[Crawled caption data]
++++++++++++++++++++
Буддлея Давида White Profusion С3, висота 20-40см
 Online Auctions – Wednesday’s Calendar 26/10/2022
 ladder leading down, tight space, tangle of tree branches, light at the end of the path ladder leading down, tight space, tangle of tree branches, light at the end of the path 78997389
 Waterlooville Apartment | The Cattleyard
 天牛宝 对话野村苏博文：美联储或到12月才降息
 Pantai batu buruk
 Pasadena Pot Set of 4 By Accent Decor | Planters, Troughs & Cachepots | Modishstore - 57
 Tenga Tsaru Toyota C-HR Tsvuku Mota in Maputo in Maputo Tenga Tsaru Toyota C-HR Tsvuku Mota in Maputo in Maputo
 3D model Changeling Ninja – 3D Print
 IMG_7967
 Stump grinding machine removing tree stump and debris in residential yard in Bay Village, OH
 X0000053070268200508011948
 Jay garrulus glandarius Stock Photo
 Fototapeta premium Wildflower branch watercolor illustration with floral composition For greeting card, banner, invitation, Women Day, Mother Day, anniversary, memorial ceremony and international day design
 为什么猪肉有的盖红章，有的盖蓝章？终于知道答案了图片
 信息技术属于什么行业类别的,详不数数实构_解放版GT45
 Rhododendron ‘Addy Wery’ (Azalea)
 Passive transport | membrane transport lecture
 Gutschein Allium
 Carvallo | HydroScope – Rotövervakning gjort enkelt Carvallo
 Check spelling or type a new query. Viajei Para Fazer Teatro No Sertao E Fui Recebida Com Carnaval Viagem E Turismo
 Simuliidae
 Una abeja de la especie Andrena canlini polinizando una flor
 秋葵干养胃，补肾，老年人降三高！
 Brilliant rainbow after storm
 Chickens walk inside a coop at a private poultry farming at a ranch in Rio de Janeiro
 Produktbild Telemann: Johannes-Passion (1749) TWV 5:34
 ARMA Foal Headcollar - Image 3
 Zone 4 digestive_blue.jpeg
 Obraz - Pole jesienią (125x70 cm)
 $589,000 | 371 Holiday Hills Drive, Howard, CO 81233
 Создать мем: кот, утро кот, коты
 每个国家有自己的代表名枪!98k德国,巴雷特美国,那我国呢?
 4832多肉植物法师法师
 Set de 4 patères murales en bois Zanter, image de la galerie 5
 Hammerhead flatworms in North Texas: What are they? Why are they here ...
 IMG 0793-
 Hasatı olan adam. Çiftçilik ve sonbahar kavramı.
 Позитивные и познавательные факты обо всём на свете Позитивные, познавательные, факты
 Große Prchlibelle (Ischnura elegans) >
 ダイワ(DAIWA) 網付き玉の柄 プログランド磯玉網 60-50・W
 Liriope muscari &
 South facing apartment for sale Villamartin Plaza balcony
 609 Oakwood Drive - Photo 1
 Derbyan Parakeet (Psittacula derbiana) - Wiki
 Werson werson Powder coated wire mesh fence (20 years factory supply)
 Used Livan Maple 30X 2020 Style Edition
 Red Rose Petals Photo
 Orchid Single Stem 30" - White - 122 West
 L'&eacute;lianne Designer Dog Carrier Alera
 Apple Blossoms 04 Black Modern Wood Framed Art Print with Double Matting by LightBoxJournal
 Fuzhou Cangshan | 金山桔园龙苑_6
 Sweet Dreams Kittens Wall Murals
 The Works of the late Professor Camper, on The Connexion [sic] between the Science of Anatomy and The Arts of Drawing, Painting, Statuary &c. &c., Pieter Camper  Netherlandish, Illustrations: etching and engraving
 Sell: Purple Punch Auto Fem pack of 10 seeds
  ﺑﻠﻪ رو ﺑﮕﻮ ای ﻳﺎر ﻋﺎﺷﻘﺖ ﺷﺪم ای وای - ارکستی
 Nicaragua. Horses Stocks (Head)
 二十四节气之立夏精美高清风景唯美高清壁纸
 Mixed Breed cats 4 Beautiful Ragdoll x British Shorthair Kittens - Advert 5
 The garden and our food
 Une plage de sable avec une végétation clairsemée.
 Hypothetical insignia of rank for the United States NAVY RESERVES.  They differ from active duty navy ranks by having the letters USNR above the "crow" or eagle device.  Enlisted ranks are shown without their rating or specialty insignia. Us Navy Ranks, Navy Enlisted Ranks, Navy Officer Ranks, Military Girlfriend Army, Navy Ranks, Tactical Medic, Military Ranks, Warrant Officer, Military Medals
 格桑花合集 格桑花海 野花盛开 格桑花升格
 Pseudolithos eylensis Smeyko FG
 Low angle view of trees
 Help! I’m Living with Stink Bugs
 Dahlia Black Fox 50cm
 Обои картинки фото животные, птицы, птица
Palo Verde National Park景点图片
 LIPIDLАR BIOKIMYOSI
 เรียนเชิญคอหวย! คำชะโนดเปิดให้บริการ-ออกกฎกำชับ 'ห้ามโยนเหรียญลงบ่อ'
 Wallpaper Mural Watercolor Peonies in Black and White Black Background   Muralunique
++++++++++++++++++++
For this exercise, return every line from the data that holds the string "Photo".

 Jay garrulus glandarius Stock Photo
 609 Oakwood Drive - Photo 1
 Red Rose Petals Photo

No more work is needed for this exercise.